Thus far, the digital wallet discussion has been dominated by PayPal, Google, Isis and the scores of other payment service providers vying for one niche or another of ecommerce and mobile commerce. Visa’s V.me digital wallet is the first instantiation of an electronic payments and services strategy announced in May. V.me is a digital wallet service for use both online and at the point of sale. Initial functionality will be a one click purchasing scheme that streamlines checkout – no need to enter payment credentials or shipping information. The V.me wallet will support Visa as well as other card brands.
The V.me scheme is now in an invitation-only beta release for developers from financial institutions and merchants to work with.

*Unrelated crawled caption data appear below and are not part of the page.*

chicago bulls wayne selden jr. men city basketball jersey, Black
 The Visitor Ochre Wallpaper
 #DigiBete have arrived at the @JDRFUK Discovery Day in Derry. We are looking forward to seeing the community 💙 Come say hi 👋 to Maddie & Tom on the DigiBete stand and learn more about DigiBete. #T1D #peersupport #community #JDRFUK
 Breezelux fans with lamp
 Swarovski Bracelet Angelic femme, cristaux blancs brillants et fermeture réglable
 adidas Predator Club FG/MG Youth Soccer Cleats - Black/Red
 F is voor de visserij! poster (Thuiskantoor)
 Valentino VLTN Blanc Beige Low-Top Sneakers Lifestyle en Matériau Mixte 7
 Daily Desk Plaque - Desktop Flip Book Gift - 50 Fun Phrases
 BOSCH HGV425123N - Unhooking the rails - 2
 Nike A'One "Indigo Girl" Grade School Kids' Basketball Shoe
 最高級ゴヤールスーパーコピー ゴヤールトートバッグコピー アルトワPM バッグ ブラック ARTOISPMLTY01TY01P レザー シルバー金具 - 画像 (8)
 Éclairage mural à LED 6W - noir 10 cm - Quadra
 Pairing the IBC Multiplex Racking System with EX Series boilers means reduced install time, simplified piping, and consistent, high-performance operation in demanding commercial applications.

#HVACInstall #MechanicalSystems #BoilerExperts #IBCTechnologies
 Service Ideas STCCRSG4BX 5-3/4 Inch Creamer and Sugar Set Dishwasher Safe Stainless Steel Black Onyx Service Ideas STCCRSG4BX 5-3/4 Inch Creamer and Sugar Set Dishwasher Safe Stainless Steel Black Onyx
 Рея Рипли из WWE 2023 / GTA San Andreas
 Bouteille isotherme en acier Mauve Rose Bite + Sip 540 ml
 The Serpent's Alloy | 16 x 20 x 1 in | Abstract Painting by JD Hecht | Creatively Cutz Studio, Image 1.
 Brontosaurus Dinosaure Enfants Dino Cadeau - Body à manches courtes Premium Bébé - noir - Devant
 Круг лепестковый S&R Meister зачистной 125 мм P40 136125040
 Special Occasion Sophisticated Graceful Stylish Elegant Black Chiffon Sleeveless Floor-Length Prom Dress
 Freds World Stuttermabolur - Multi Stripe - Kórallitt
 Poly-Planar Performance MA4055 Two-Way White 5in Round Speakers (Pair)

Visa and its competitors are striving to win the hearts and minds of software developers. Software increasingly mediates the purchasing experience, and these competitors must provide useful, and remunerative, payments services to those developers to gain their affection. Whether developers feel the love or not will have everything to do with Visa’s success.
V.me supports the evolving ways and places people transact. It is different than other offerings because it is not online or point-of-sale. It is online and point-of-sale. Wherever and however people shop, they can take V.me with them – just like consumers have one physical wallet, they will be able to have one digital wallet. And of course, it will provide features beyond payments such as transaction alerts and the ability to receive personalized offers. First up: a streamlined online checkout, so consumers can click to buy with the new V.me acceptance mark instead of entering their account information and shipping addresses every time they want to shop from their smart phone, tablet or computer.